De heer Karg ging in op de gestelde vragen en gaf aan, dat de wijze waarop de Surinaamse Grondwet voorziet in de kiesregeling, wetgeving en regelgeving, die te maken heeft met het kiesstelsel, dat daar een duidelijke drempel in is aangegeven. Niet alleen qua meerderheid die nodig is, maar ook de wijze waarop het tot stand moet komen en dat is voorbehouden aan de wetgever.

“Het Hof van Justitie is als rechter bevoegd om te voorzien in alles van datgene waarvoor geen andere rechter aangewezen is. In dit geval neem ik aan dat zo’n korte termijn voorziening door uiteindelijk hoogste aanlegger van justitie getroffen zal moeten worden”, aldus Karg.
“Ik denk dat bij hun de overweging zwaar zou wegen, dat het alleen de wetgever is die formele wetgeving kan maken met de kracht en het gewicht die de Grondwet aan de kiesregeling toekent om daarin te voorzien”, geeft Karg ook aan.
“Mijn verwachting is dat het Hof twee kanten op zou kunnen gaan. De eerste is afhankelijk van wie de zaak instelt. Het toekennen van een bijzonder zware dwangsom op de Nationale Assemblée of misschien zelfs leden van de Nationale Assemblée om het daartoe te bewegen. Dat er wel tijdig een vergadering plaatsvindt”, geeft het PRO-hoofdbestuurslid aan. 
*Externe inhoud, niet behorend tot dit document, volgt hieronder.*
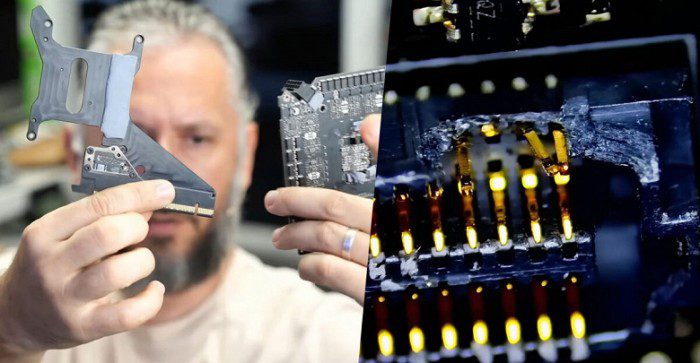 Эталонную видеокарту GeForce RTX 5090 FE лучше не разбирать. Оказалось, что внутренние разъёмы для соединения плат весьма хрупкие 1 a866e7b39c00ce02f800ccbf1c022154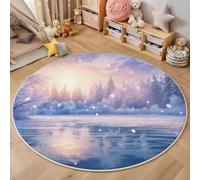 Alfombra Redonda Salón Bosque Del Lago De Hielo Alfombra de Pelo Corto País De Las Maravillas Invernal Alfombras de cama Fácil de Limpiar 100cm para Dormitorio, Estudio, Oficina, Pasillo, Púrpura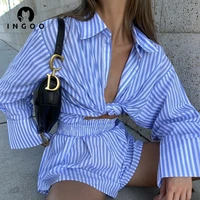 ingoo fashion tracksuit women 2021 casual sets striped long sleeve shirts blouse and loose high waisted shorts street 2 pcs set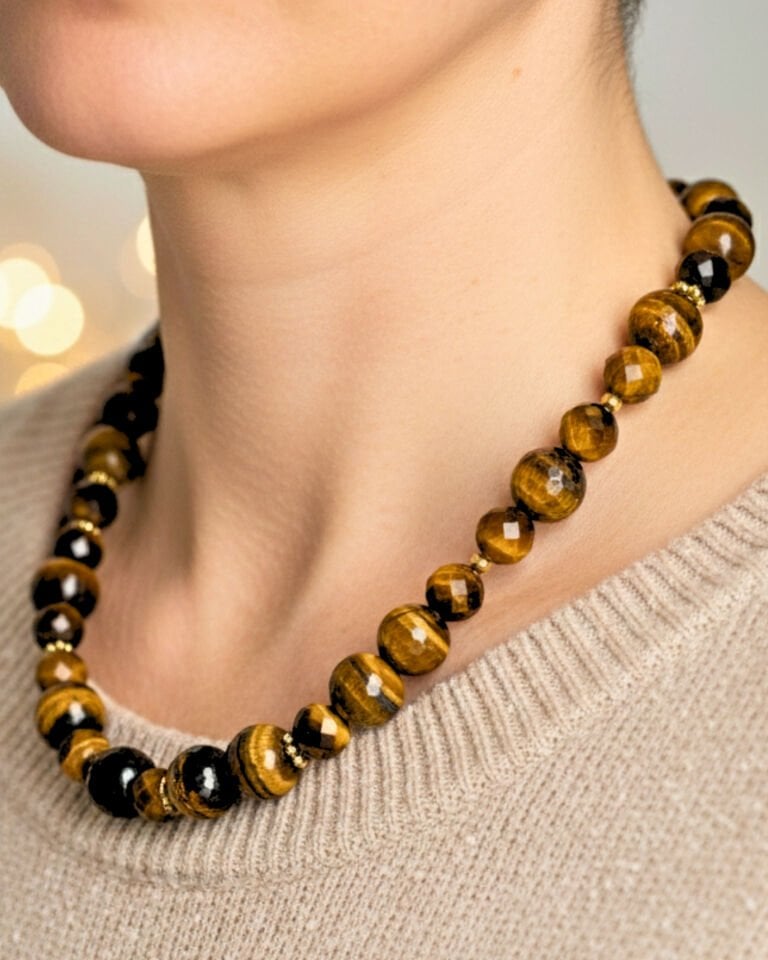 Berşan Kaplan Gözü Doğal Taş Tasarım Kolye (925 Ayar Gümüş Üzeri 14K Altın Kaplama)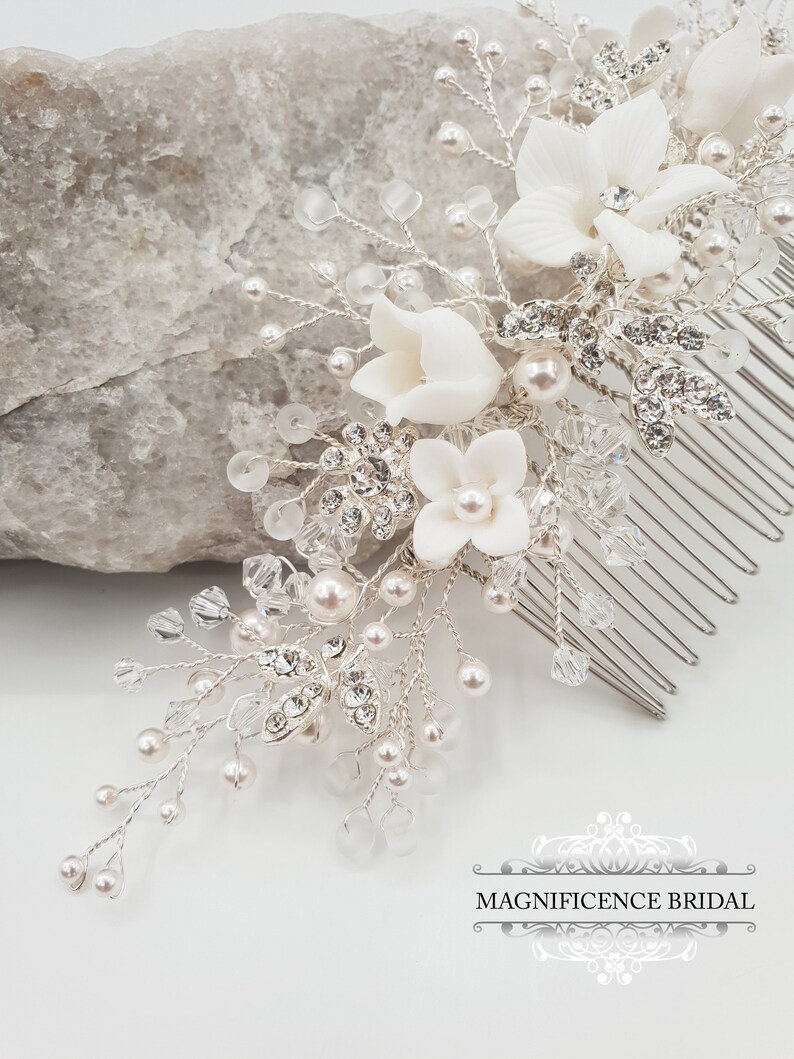 Wedding headpiece flower headpiece KENDRA wedding pearl headpiece Bridal hair comb wedding hair piece Bridal headpiece bridal comb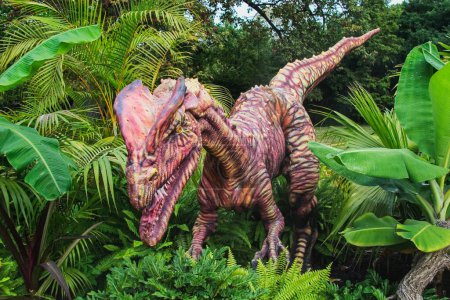 Foto de Dilophosaurus (que significa dinosaurio reptil de doble cresta del período Jurásico temprano). Estados Unidos, London - Imagen libre de derechos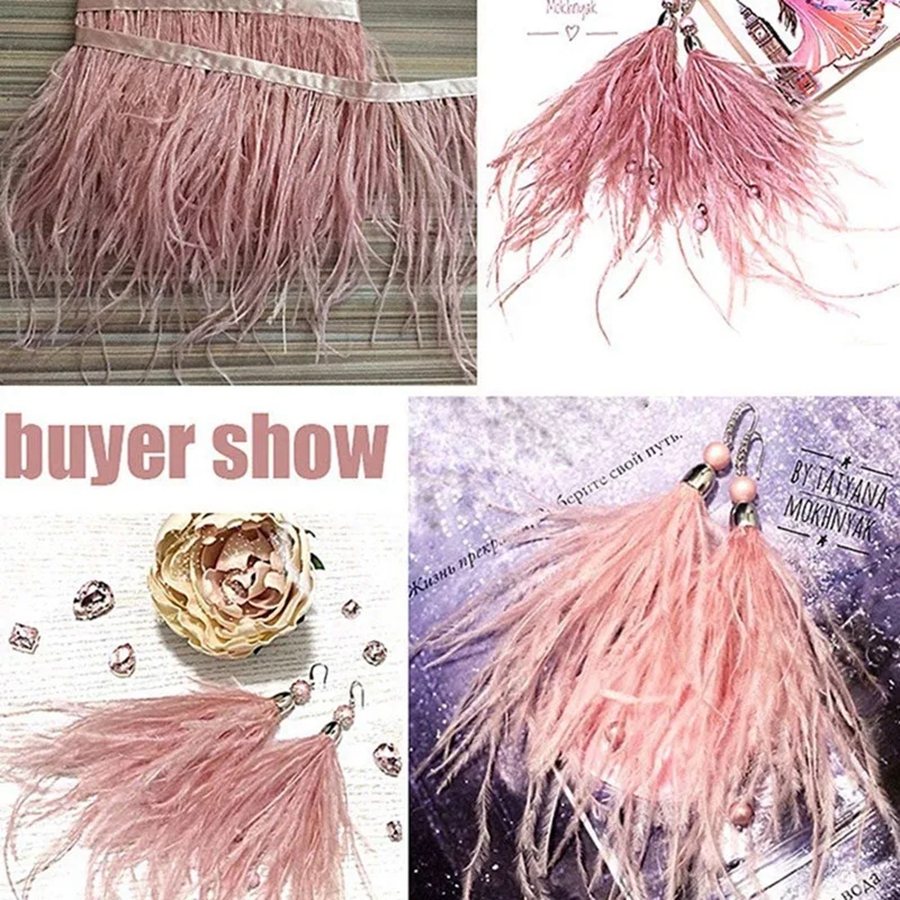 100CM Natural ostrich Feather  - đánh giá và giá Feather Trim Marabou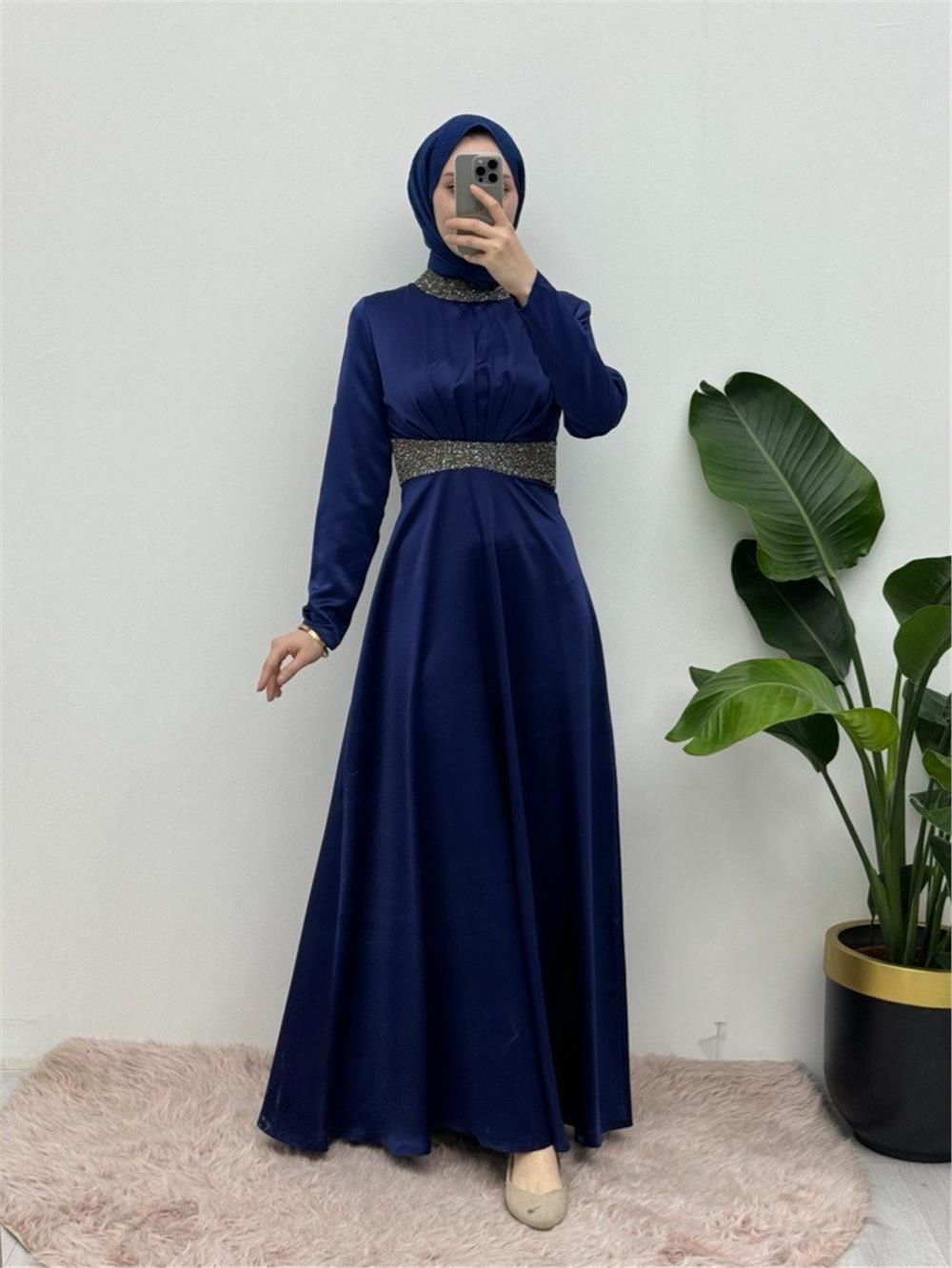 Satin Evening Dress with Stone Detail on Collar and Waist - Navy Blue-111-61342-R03
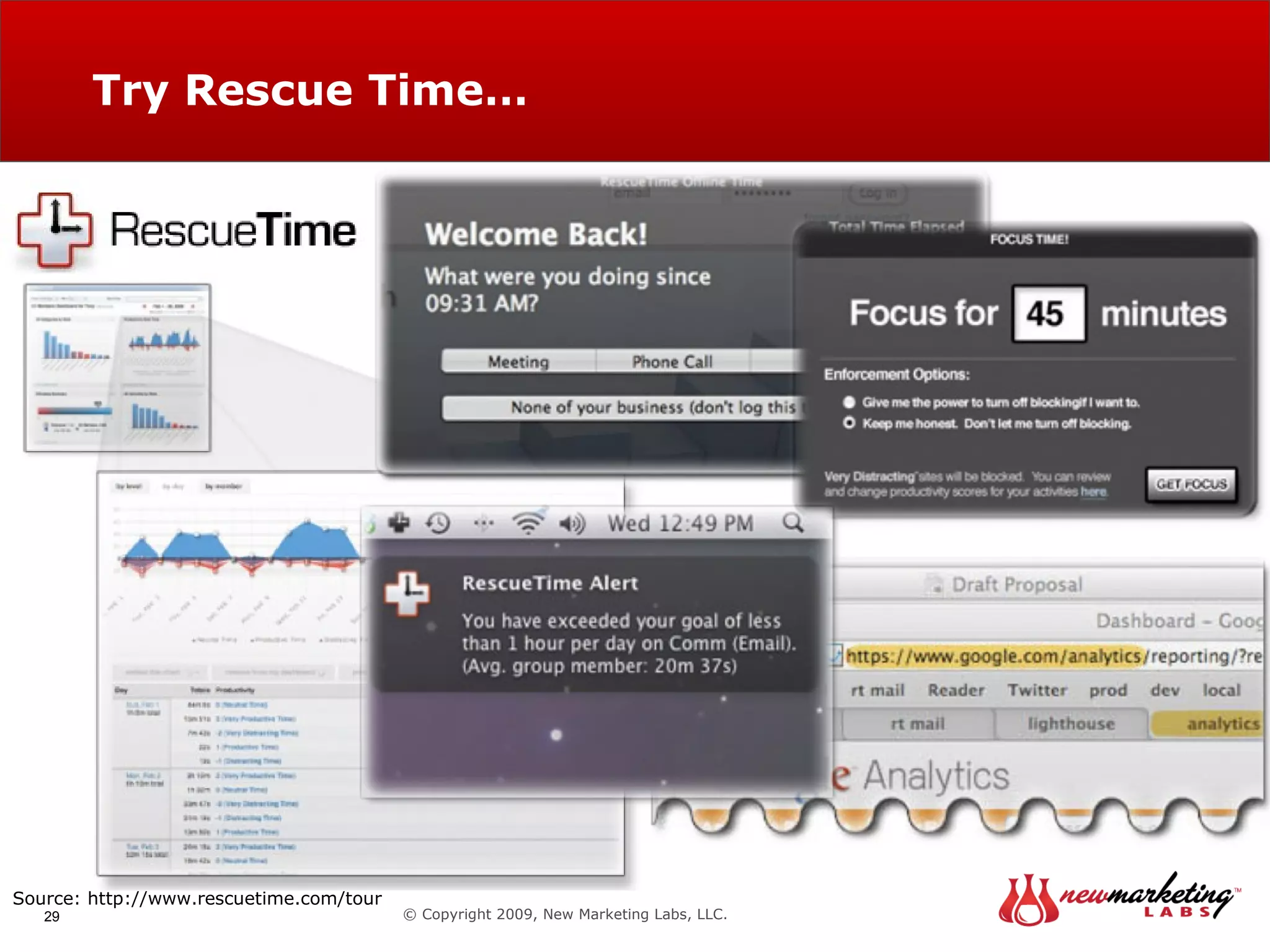 Try Rescue Time… © Copyright 2009, New Marketing Labs, LLC. Source: http://www.rescuetime.com/tour 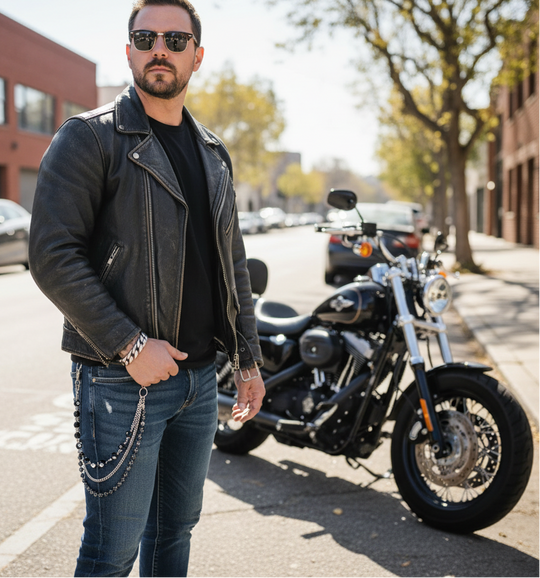 Keep your wallet exactly where it belongs with this Behind the 8 ball stainless steel chain—no luck required. Crafted from durable steel, this wallet chain delivers the rugged, edgy aesthetic that defines rocker and biker style. The classic design works equally well with jeans or leather, securing your essentials while making a bold statement. Sink yours at our Smyrna, TN shop.

Approx. 24"Length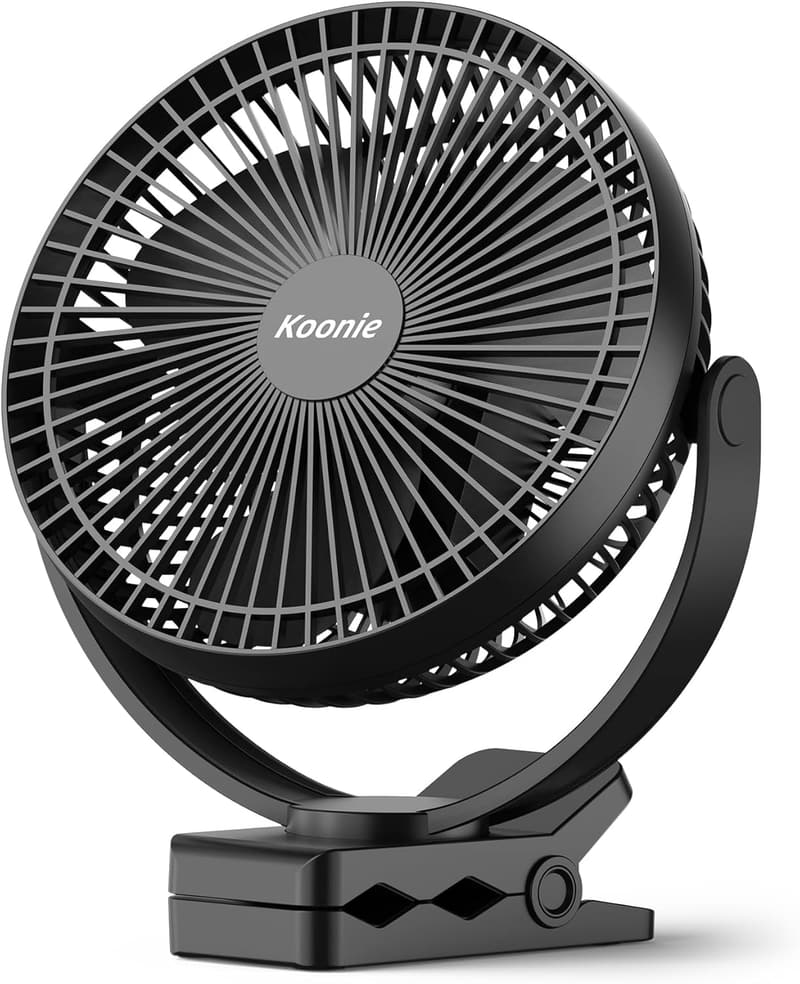USB Rechargeable 10000mAh Clip-On Fan with 4 Speeds, Black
“Wij hebben een precedent over de terugroepingen, waarin uiteindelijk niet toegekend is dat de voorzitter in persoon aansprakelijk was voor het geven van uitvoering aan een eerdere veroordeling. Maar, het zou kunnen dat er anders geoordeeld wordt onder deze omstandigheden. Zeker, omdat dat zou betekenen dat er behoorlijk gewicht en respect toegekend zou worden aan de constitutionele plek die het Constitutioneel Hof inneemt in ons bestel en behoort in te nemen in ons bestel.”

Als tweede mogelijkheid geeft het hoofdbestuurslid aan, “dat er in feite toch historisch gekeken gaat worden naar welke regeling geldt of op welke regeling wij terug zouden kunnen vallen”. “En dan is de conclusie helaas dat de meest recente regeling, de regeling die buiten toepassing is verklaard, de enige is waarvan er voldoende detail bekend is om zelfs te overwegen deze van toepassing te laten. Het is dus niet uitgesloten dat, alhoewel het Constitutioneel Hof een oordeel geveld heeft over het buiten toepassing laten, het Hof van Justitie in een noodgeval, zoals u dat beschrijft, tot een ander oordeel komt en nog eenmalig zal toelaten dat er verkiezingen onder de regels, zoals die voorafgaande uitspraak van het Constitutioneel Hof, georganiseerd zullen worden.”

DA

error: Kopiëren mag niet!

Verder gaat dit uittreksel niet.